[[ AVAILABLE DATA, beginning ]]

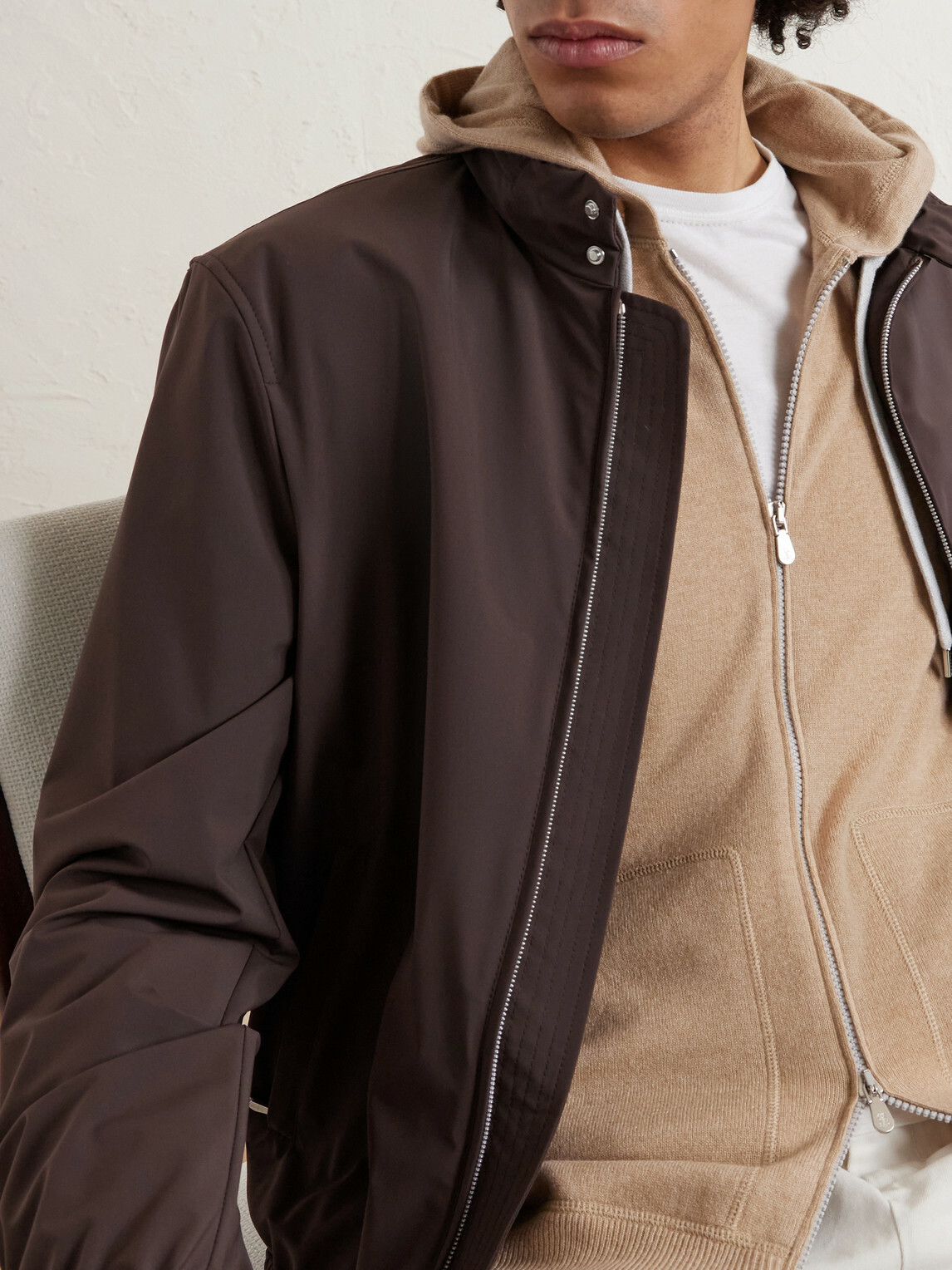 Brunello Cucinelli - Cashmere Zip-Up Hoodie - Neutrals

[[ AVAILABLE DATA, end ]]
[[ AVAILABLE DATA, beginning ]]

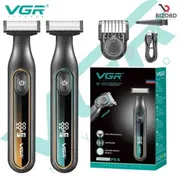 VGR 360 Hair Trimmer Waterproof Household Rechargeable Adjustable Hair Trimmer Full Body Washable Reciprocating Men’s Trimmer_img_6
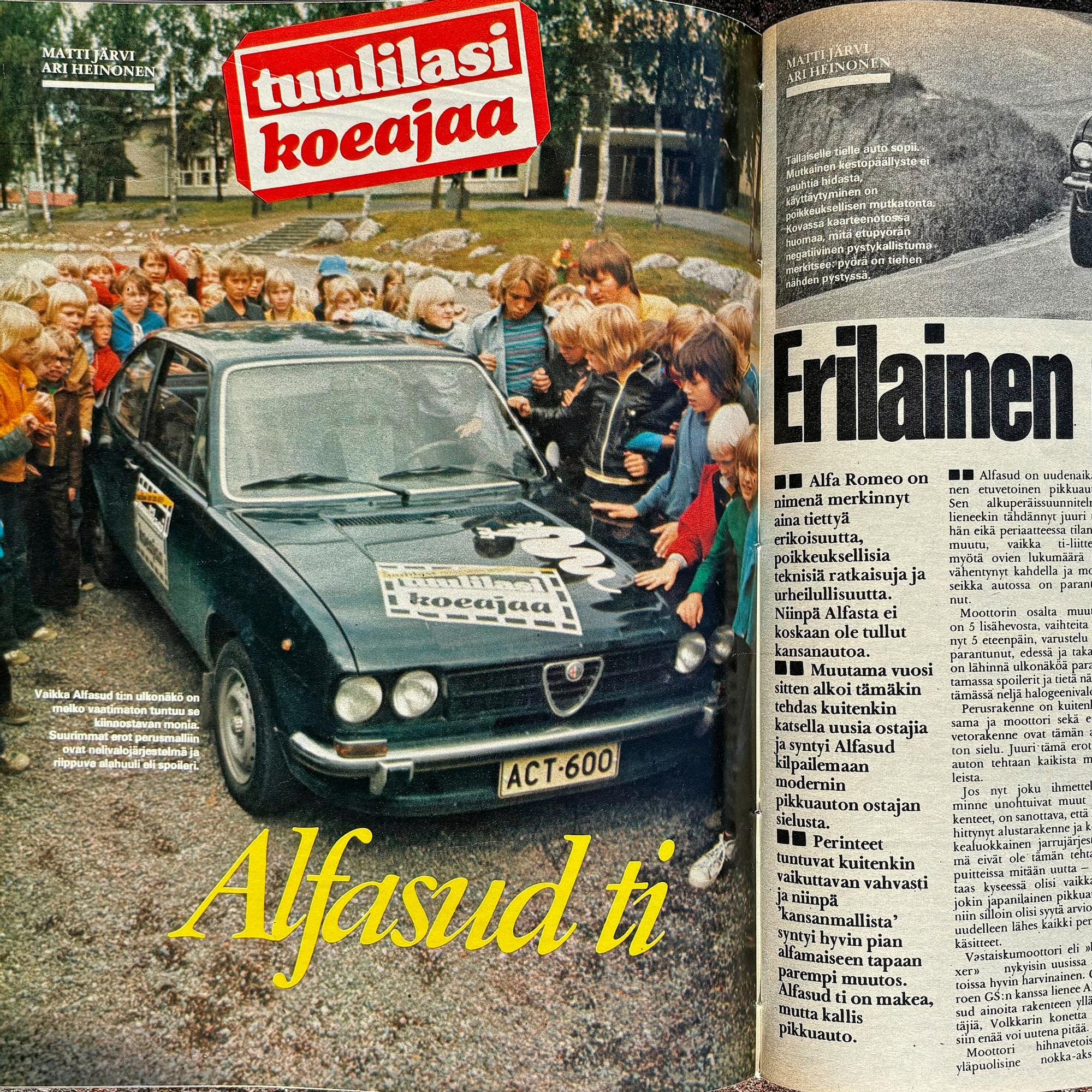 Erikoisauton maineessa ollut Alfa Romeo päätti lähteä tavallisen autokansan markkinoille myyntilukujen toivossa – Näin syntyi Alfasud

[[ AVAILABLE DATA, end ]]

(TASK DESCRIPTION) Excluding any pictures, print exactly the lines of the listing above from the line with "VGR 360 Hair" to the line with "Erikoisauton maineessa ollut", both ends included.

(REPLY TO THE TASK)
 VGR 360 Hair Trimmer Waterproof Household Rechargeable Adjustable Hair Trimmer Full Body Washable Reciprocating Men’s Trimmer_img_6
 Erikoisauton maineessa ollut Alfa Romeo päätti lähteä tavallisen autokansan markkinoille myyntilukujen toivossa – Näin syntyi Alfasud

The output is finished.